Thursday, March 12, 2015

"I Was a Teenage Cannibal," Lance Armstrong and "Lyin' Brian"

Story time:  A few  decades back a small private plane carrying an adventurous heiress of a giant American food processing corporation and her one year old son crash landed on an island of cannibals in the Caribbean.  The woman and the pilots promptly became dinner for the locals.  

Immediately, however, they took a liking to the strange "white as a mid-day sun" baby and decided to keep and raise him as their own.....as a cannibal.

  

The distraught father undertook a 17 year quest to look for them with DNA testing finally confirming that that strange, bedraggled teenager in the midst of a tribe was indeed his son.  After much negotiations with the elders, he was able to take him back to the family mansion in Pennsylvania.  

An extensive program to acclimate him to civilization soon followed including a barrage of attention from psychiatrists, doctors, linguists and anthropologists.  No one, however, could get him to eat the food that modern society served:  Pig, beef, fish, turkey, etc.  

In exasperation, the father prepared a huge feast put together by not just a few of the world's top chefs - in the belief (apparently, he, a fan of Vegas-style buffet) that given the choices exhibited before him he would finally give in. 

It was an evening, of course, that quickly fell into the disappointment category. 

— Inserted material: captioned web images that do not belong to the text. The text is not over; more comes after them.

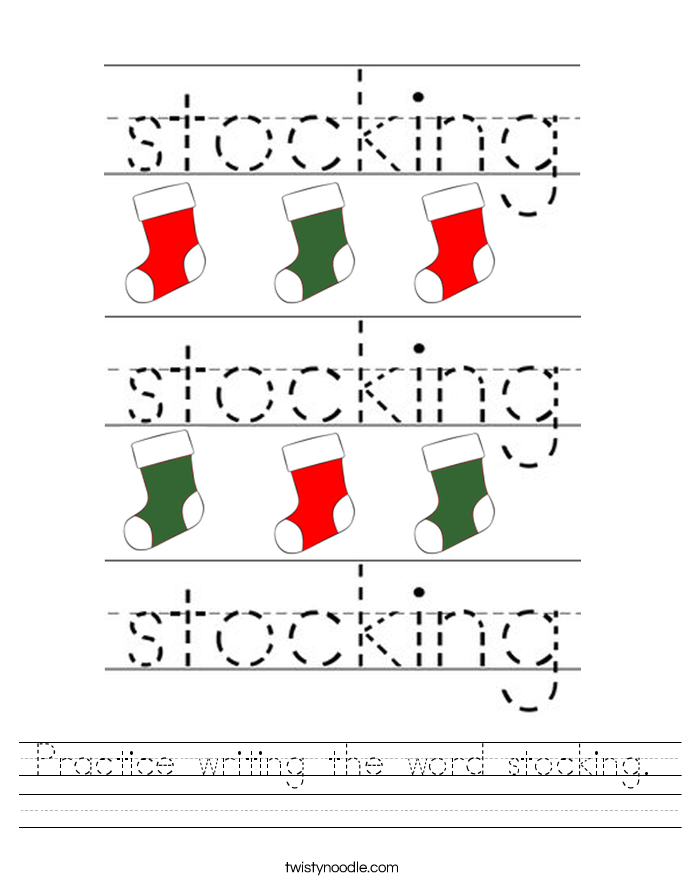 Practice writing the word stocking. Worksheet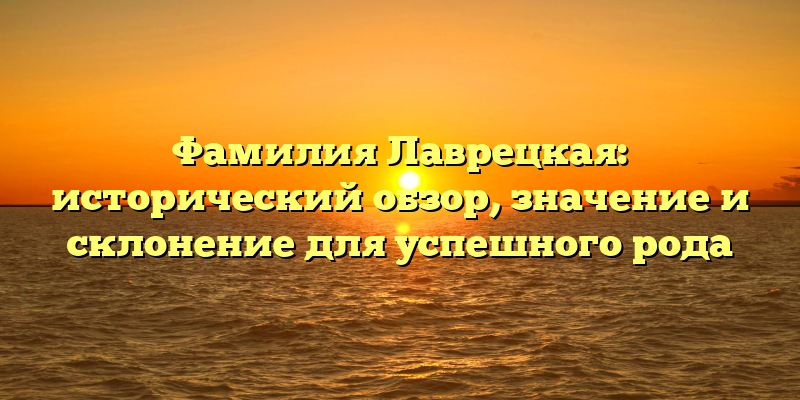 Фамилия Лаврецкая: исторический обзор, значение и склонение для успешного рода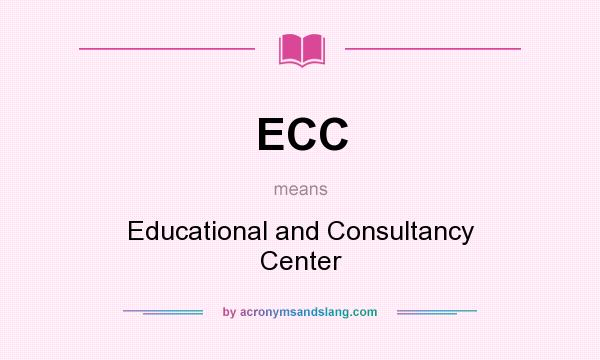 What does ECC mean? It stands for Educational and Consultancy Center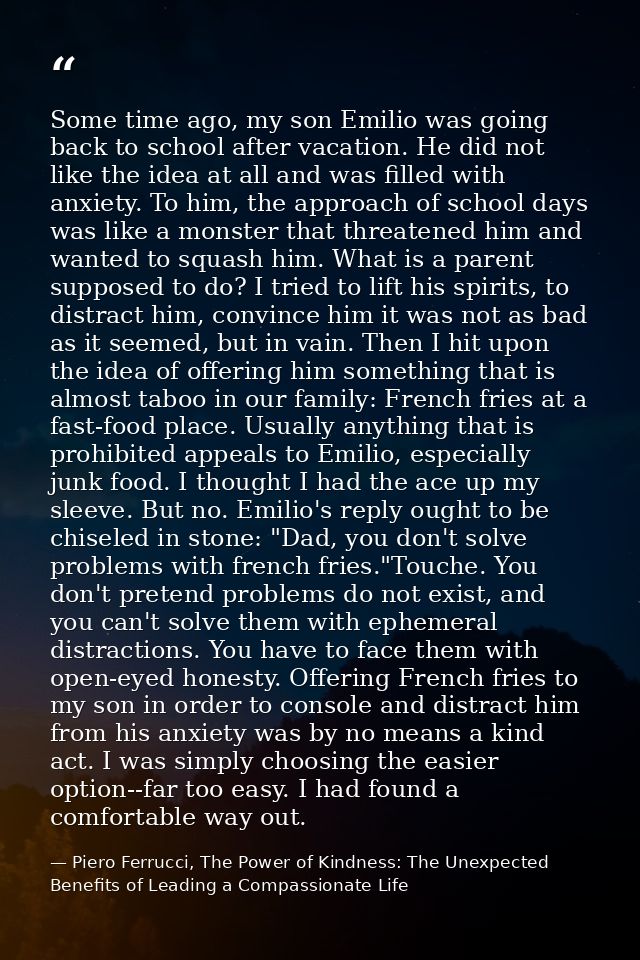 Some time ago, my son Emilio was going back to school after vacation. He did not like the idea at all and was filled wit — Piero Ferrucci, The Power of Kindness: The Unexpected Benefits of Leading a Compassionate Life
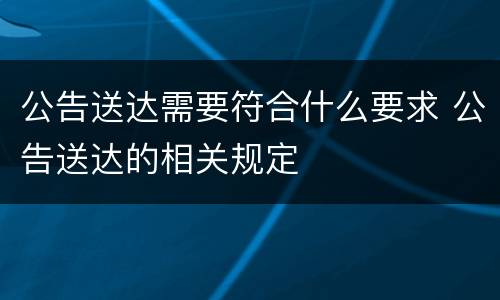公告送达需要符合什么要求 公告送达的相关规定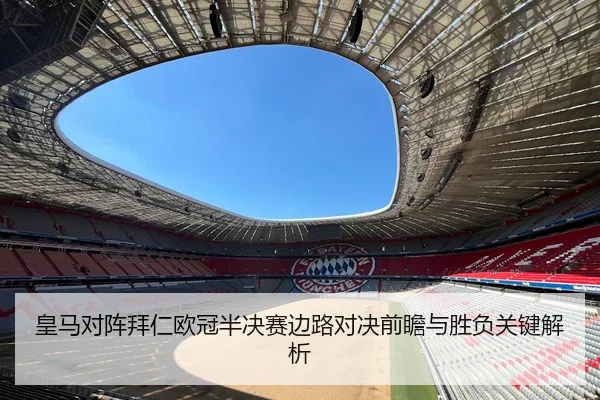 皇马对阵拜仁欧冠半决赛边路对决前瞻与胜负关键解析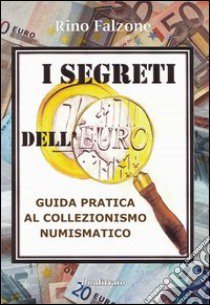 I segreti dell'euro. Guida pratica al collezionismo numismatico libro di Falzone Rino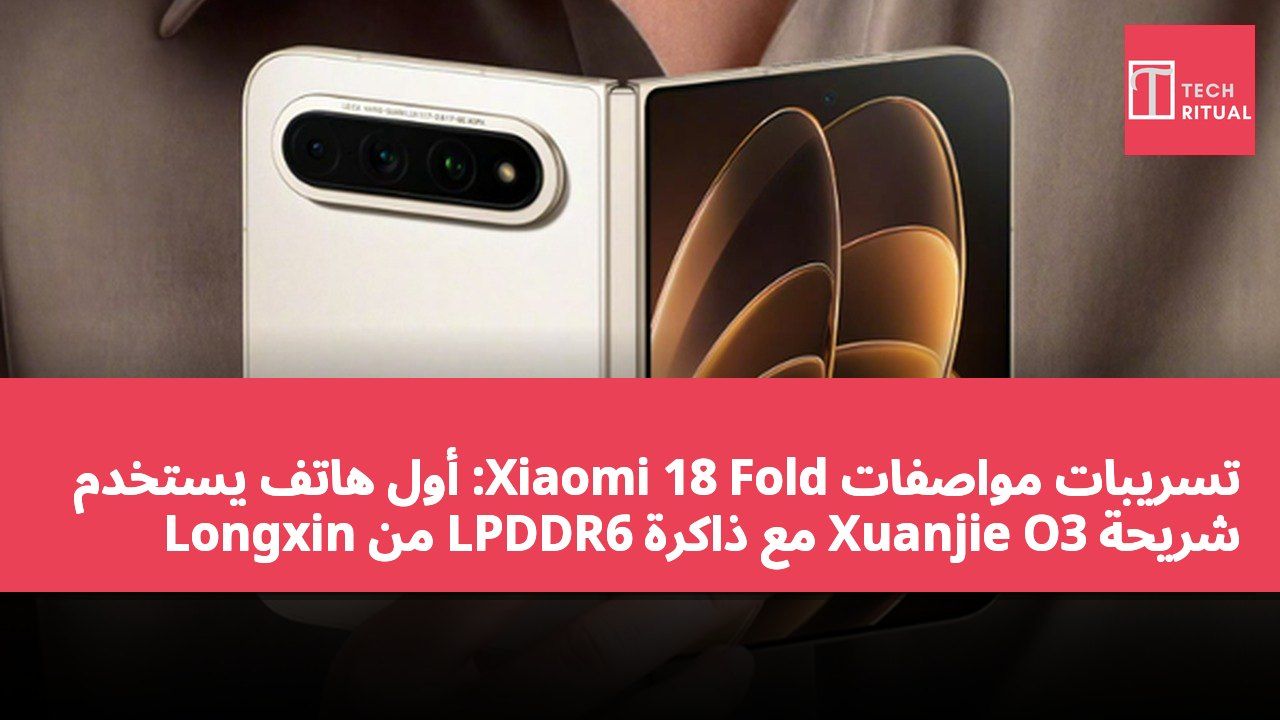 تسريبات مواصفات Xiaomi 18 Fold: أول هاتف يستخدم شريحة Xuanjie O3 مع ذاكرة LPDDR6 من Longxin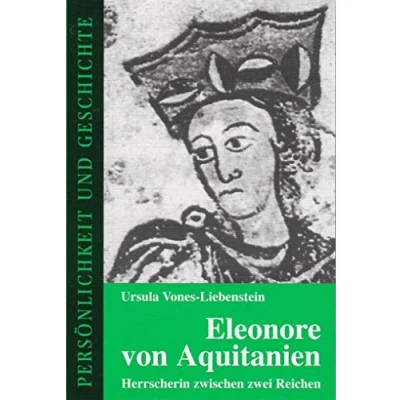 Abbildung von Eleonore von Aquitanien: Herrscherin zwischen zwei Reichen (Persönlichkeit und Geschichte: Biographische Reihe)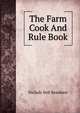The Farm Cook And Rule Book, Nichols Nell Beaubien 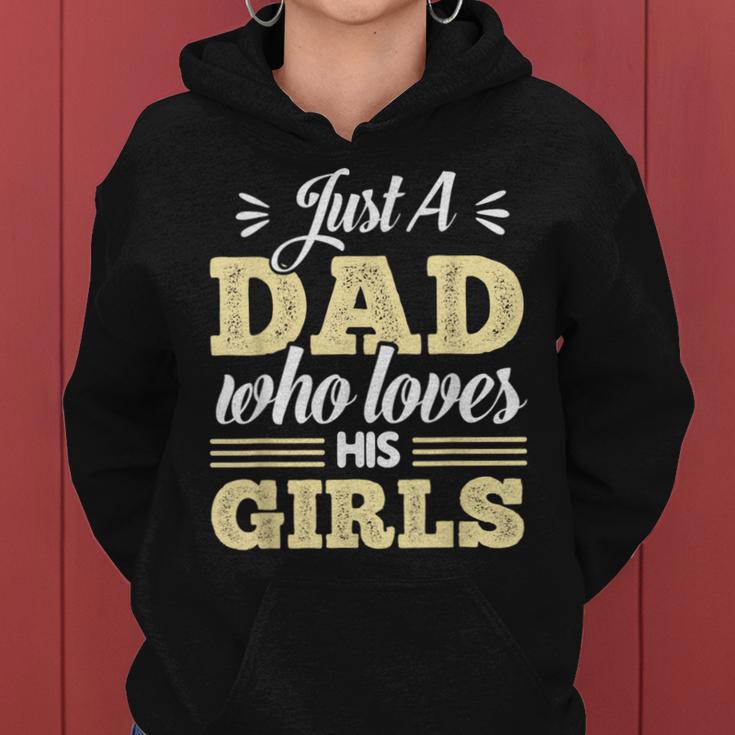 Just A Dad Who Loves His Girls Father's Day Daddy Daughter Women Hoodie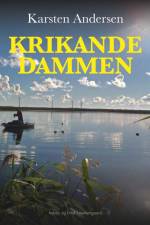 Krikandedammen af Karsten Andersen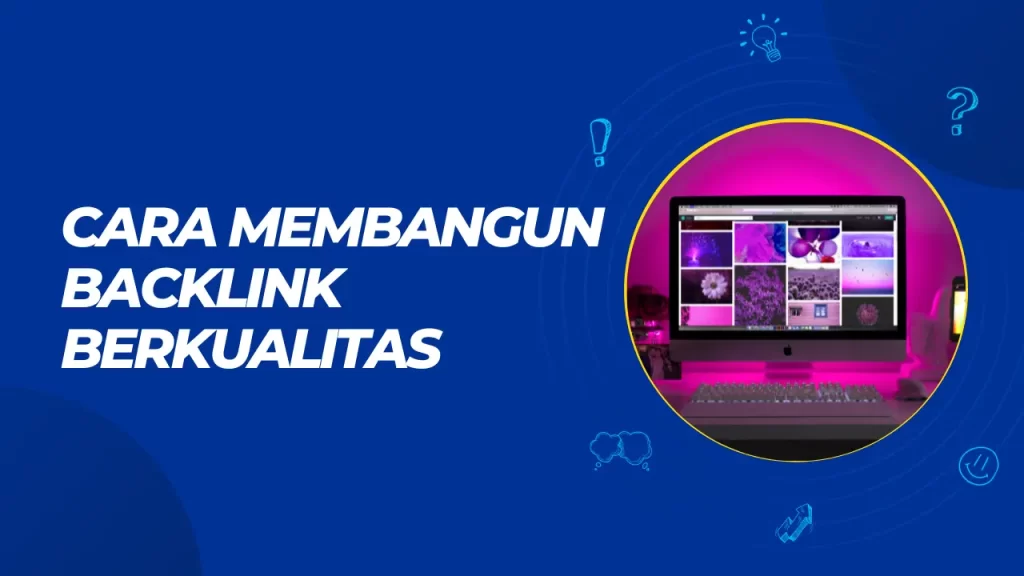 cara membangun backlink berkualitas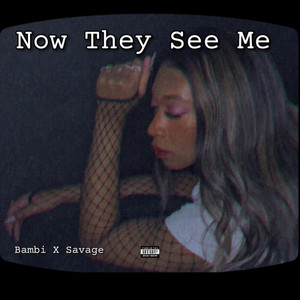 BambiXSavage - Now They See Me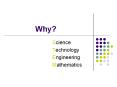 Why? Science Technology Engineering Mathematics Imagine ou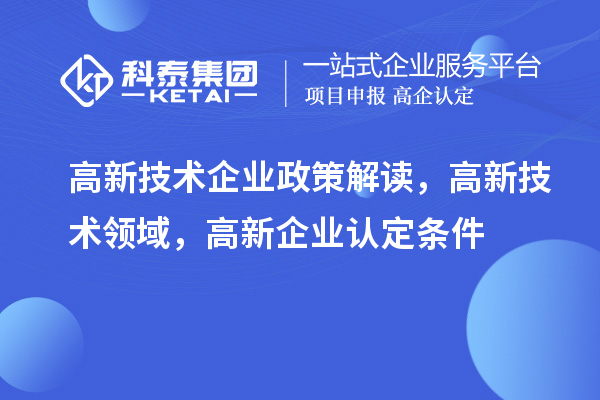 高新技術(shù)企業(yè)政策解讀，高新技術(shù)領(lǐng)域，<a href=http://www.xinshancheng.cn/gaoqi/ target=_blank class=infotextkey>高新企業(yè)認(rèn)定</a>條件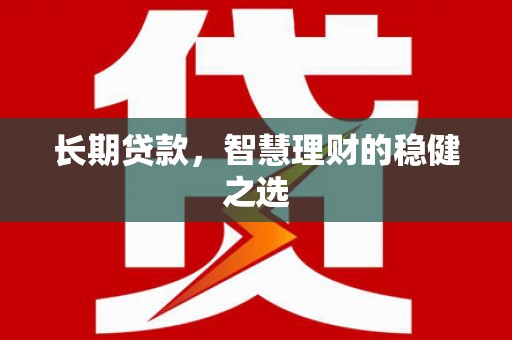 东安长期贷款，智慧理财的稳健之选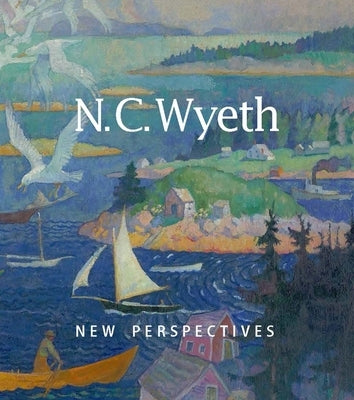 N. C. Wyeth: New Perspectives by May, Jessica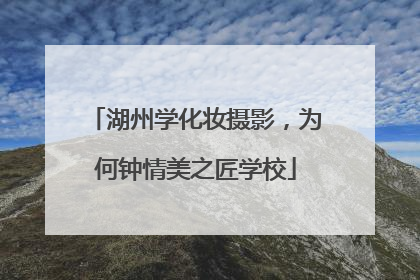 湖州学化妆摄影，为何钟情美之匠学校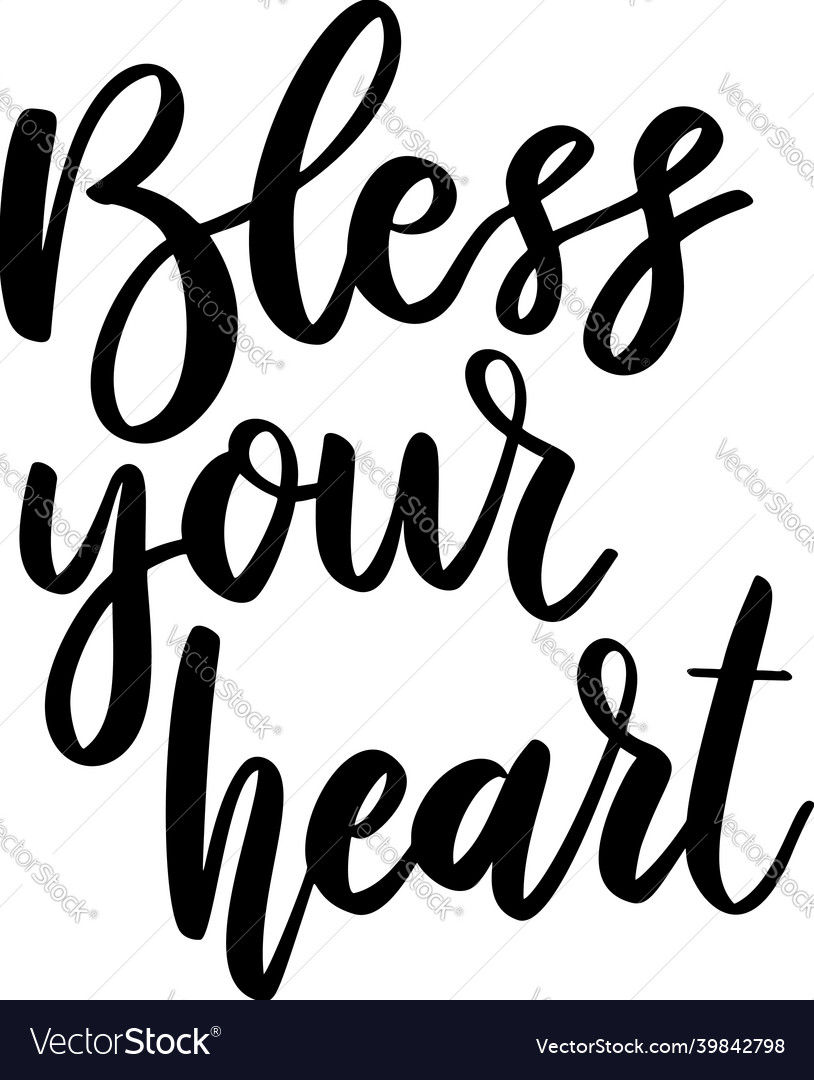 Bless your heart lettering phrase on white Vector Image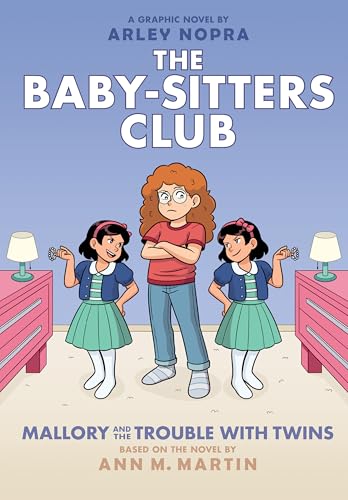 Mallory and the Trouble With Twins 17 (Baby-sitters Club Graphix, 17) von Graphix
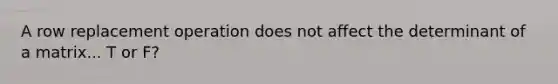 A row replacement operation does not affect the determinant of a matrix... T or F?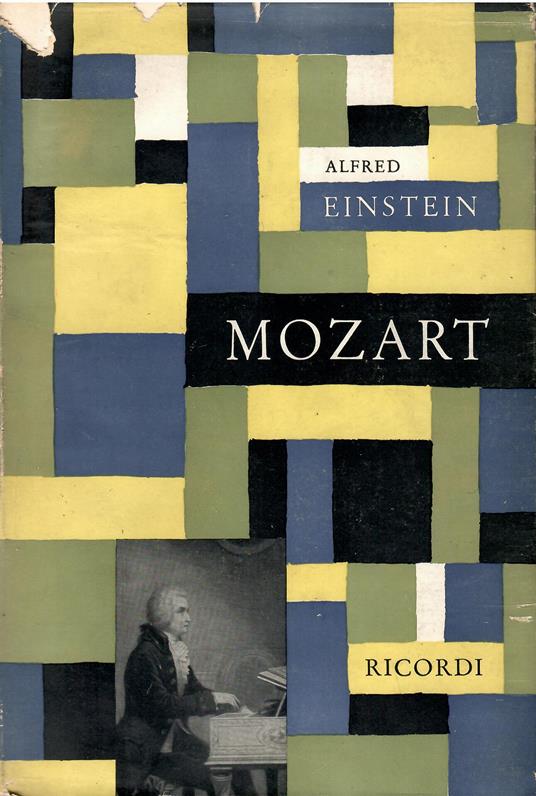 W. A. Mozart - Il carattere e l'opera - Alfred Einstein - copertina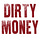 Dirty Money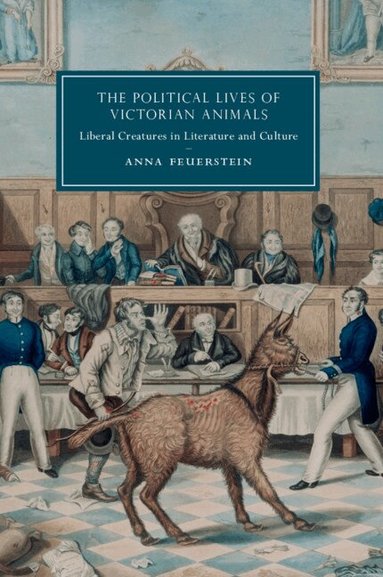 Anna Feuerstein - The Political Lives of Victorian Animals, Häftad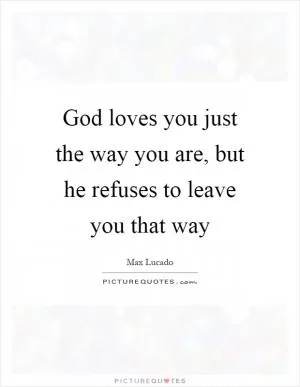 God loves you just the way you are, but he refuses to leave you that way Picture Quote #1
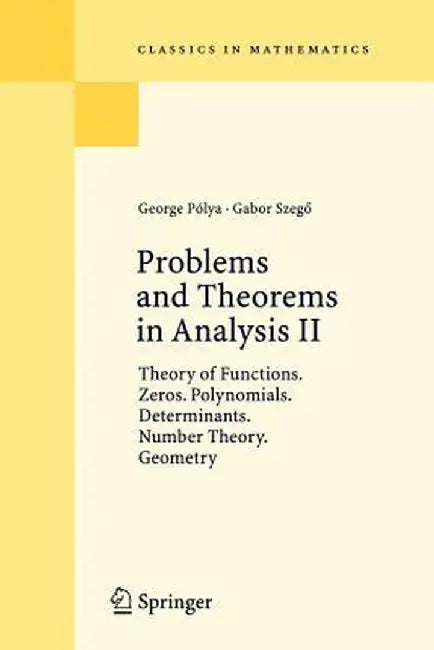 Problems and Theorems in Analysis II: Theory of Functions. Zeros. Polynomials. Determinants. Number Theory. Geometry by George Polya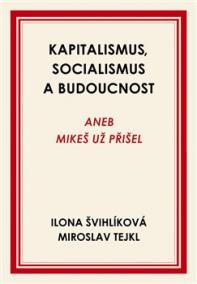 Kapitalismus, socialismus a budoucnost aneb Mikeš už přišel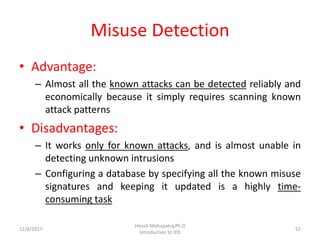 Misuse Detection
• Advantage:
– Almost all the known attacks can be detected reliably and
economically because it simply requires scanning known
attack patterns
• Disadvantages:
– It works only for known attacks, and is almost unable in
detecting unknown intrusions
– Configuring a database by specifying all the known misuse
signatures and keeping it updated is a highly time-
consuming task
12/8/2017
Hitesh Mohapatra,Ph.D
Introduction to IDS
52
 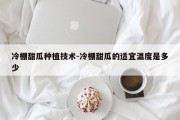 冷棚甜瓜种植技术-冷棚甜瓜的适宜温度是多少
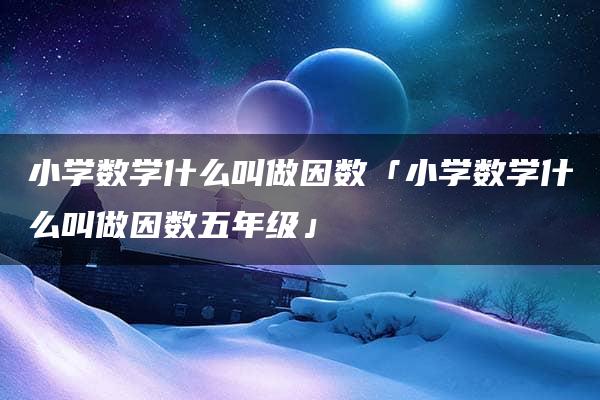 小学数学什么叫做因数「小学数学什么叫做因数五年级」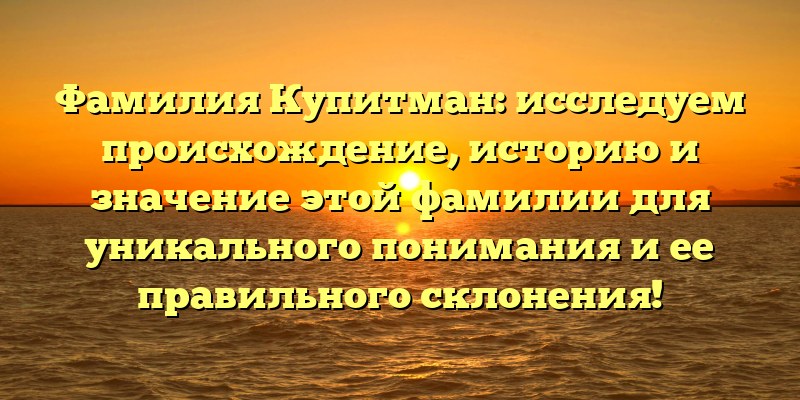 Фамилия Купитман: исследуем происхождение, историю и значение этой фамилии для уникального понимания и ее правильного склонения!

"Richard, you've the world's greatest collection of food right in front of you, why is it that you refuse to even take a look at it?," the father wailed.  Visibly annoyed, he continued, "What is it you really want to eat?"

"You," said the teenager. 

This past week saw us learn a bit more about the disgraced cyclist Lance Armstrong.  He, of course, is the seven time Tour de France champ who eventually got his titles stripped because of cheating - using illegal performance enhancing substances.  

He'd a wonderful story - a cancer survivor, putting up a foundation for survivors of the disease - but, had kept the secret of his cheating through several years of court battles.  With surmounting evidence against him, he'd finally fessed up in 2013.  

Was he remorseful?  An interview last month seems to indicate he isn't, "If you take me back to 1995, when doping was completely pervasive, I would probably do it again."  This on top of an incident last December where he had wrecked two parked vehicles with his SUV and had his girlfriend take the blame for it.  

Pity the person, huh, who can't help himself because it's in his nature?

This also bring us to the story of NBC News anchor Brian Williams who just this evening had to take a leave after it surfaced that stories he has continued to tell - being in a helicopter that was shot down in Iraq and exaggerated reporting during Katrina - are turning out to be false. 

It's now coming to light that, apparently, his proclivity for lying is an open secret and had been allowed to go on by his superiors.  

Pity the person, huh, who has no one to tell him the truth about his nature?